Great Paintings – Frazetta’s “Downward to the Earth”

This is Frank Frazetta’s cover for Downward to the Earth by Robert Silverberg:

Downward to the Earth

There are no beautiful women here, no mighty warriors facing menacing beasts, none of the images that are so typically associated with Frazetta’s work.  It is my very favorite Frazetta painting.

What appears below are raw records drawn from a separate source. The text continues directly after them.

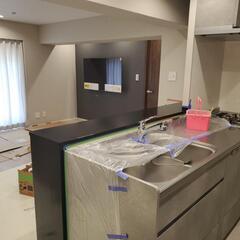 【雨の日でもできる！室内塗装のご提案🌧️🏠】



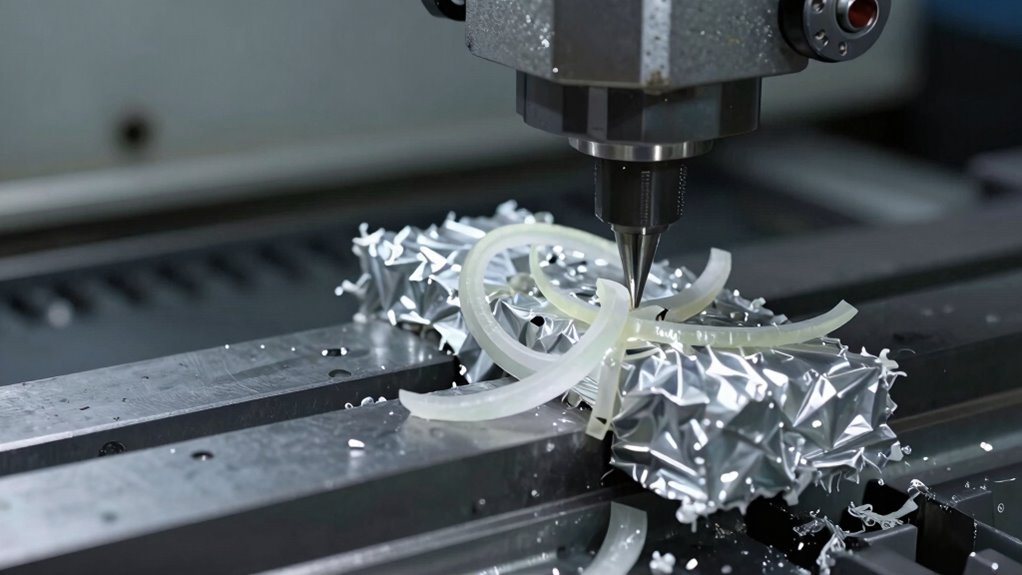 onion skinning cnc efficiency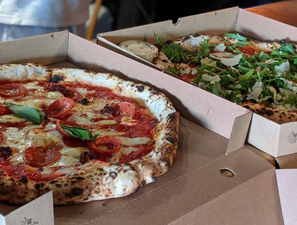 Rita’s pizza spot has moved to a brand-new location 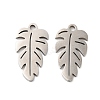 Non-Tarnish 201 Stainless Steel Pendants LS-STAS-I199-B04-P-1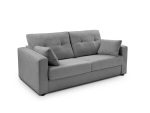 Sofa cama Narciso de color gris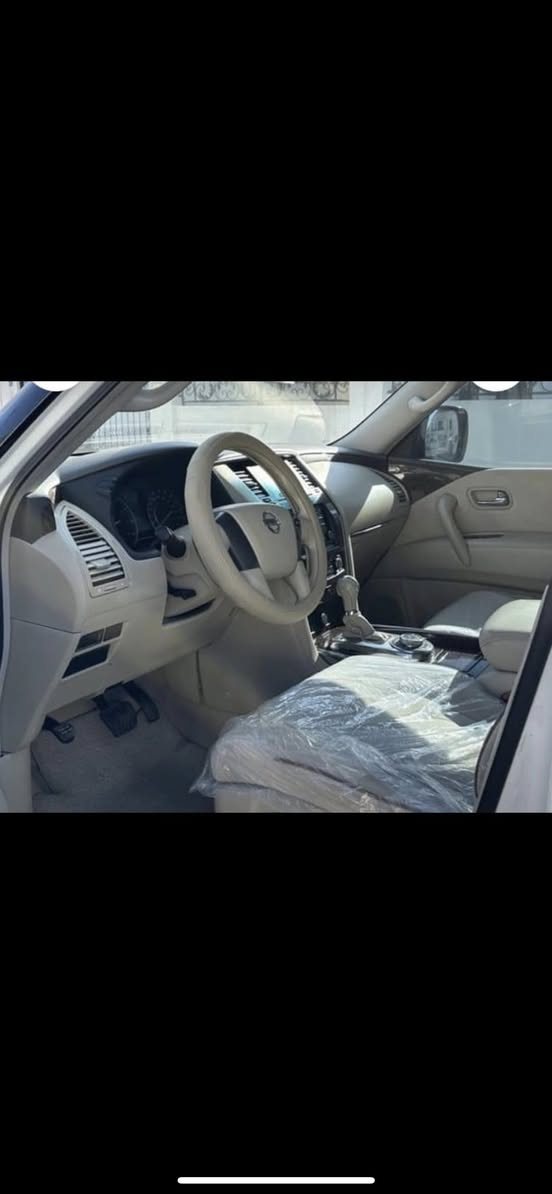 نيسان باترول se محرك مرغوب 
الظرر دعاميه وشبر بارد جاملغ خلفي 
محرك كير بشرط شركه 
سيرفس كامل عليهه
السعر ٢٤٠ قابل للتفاوض المكان الانبار 
اتصال فقط ***********
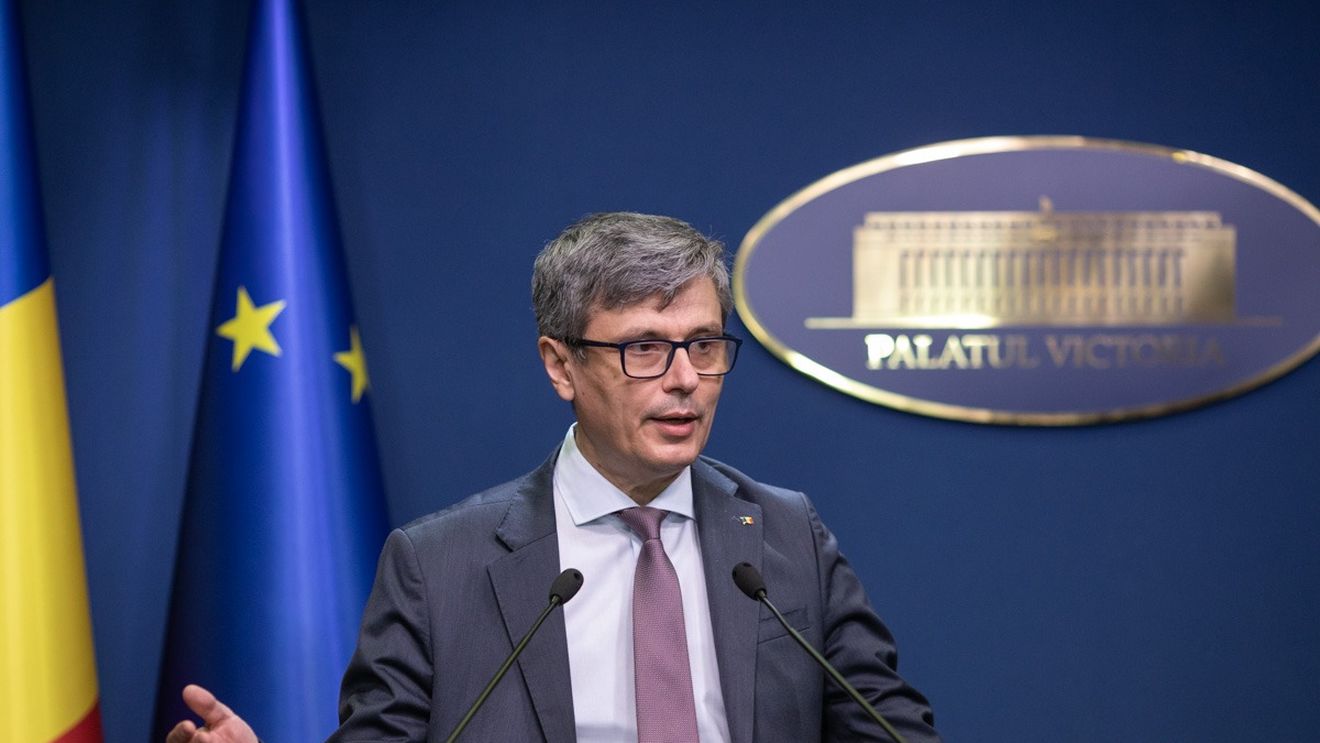 USR a depus o nouă moțiune simplă împotriva ministrului Energiei, Virgil Popescu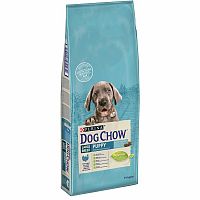 DOG CHOW PUPPY morka 14kg 1×14 kg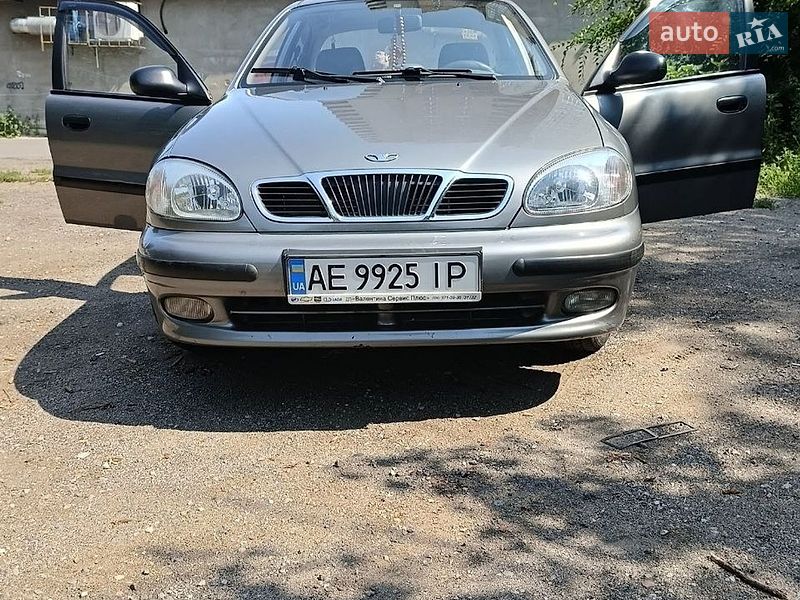 Daewoo Lanos 2007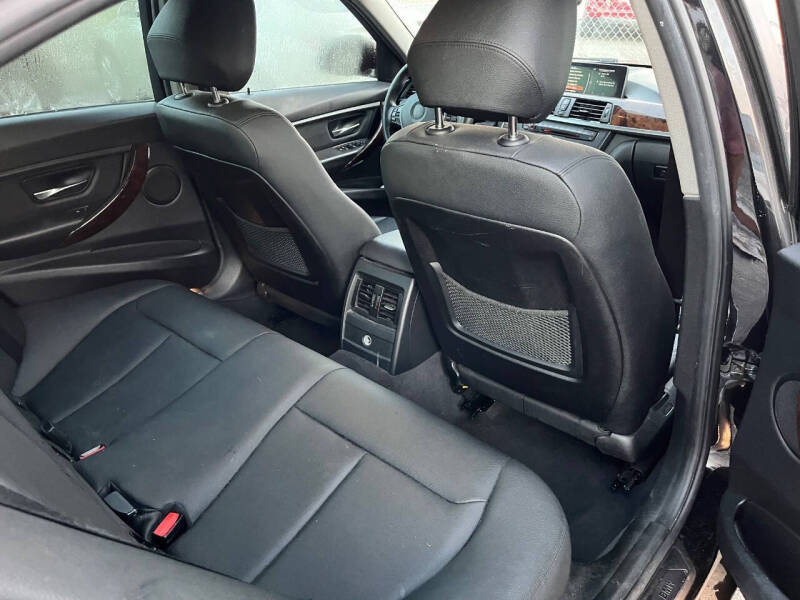 2014 BMW 3 Series 328i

I do like paintings of women, warriors, and beasts, and I love the way Frazetta painted all of those things.  But, despite their absence here, I think this painting exemplifies more than any other the element of Frazetta’s work that really made it special.  Frazetta himself said of the painting, “This is very soupy, abstract to the point of barely being there.  But the boldness of the color and the looser technique actually stops you faster than if I had gone in and carefully rendered everything in minute detail.”  (Testament, p. 108).  That’s what makes Frazetta’s work so powerful.  It’s the visual silence, the emptiness that gives no real suggestion of detail, that makes the viewer a part of the painting.  The viewer’s mind takes the hints that Frazetta provides and starts to fill those spaces without even knowing it.  The creative process didn’t end when Frazetta put down his brush, and this ability to tug at the viewer’s own imagination is what keeps people coming back to his paintings.

Frazetta’s work inspires so many artists (including me), that we emulate his content (guilty), and sometimes even the details of his compositions and draftsmanship (not as guilty, I hope).  But what we should be trying to understand is his gift for knowing what to leave unsaid.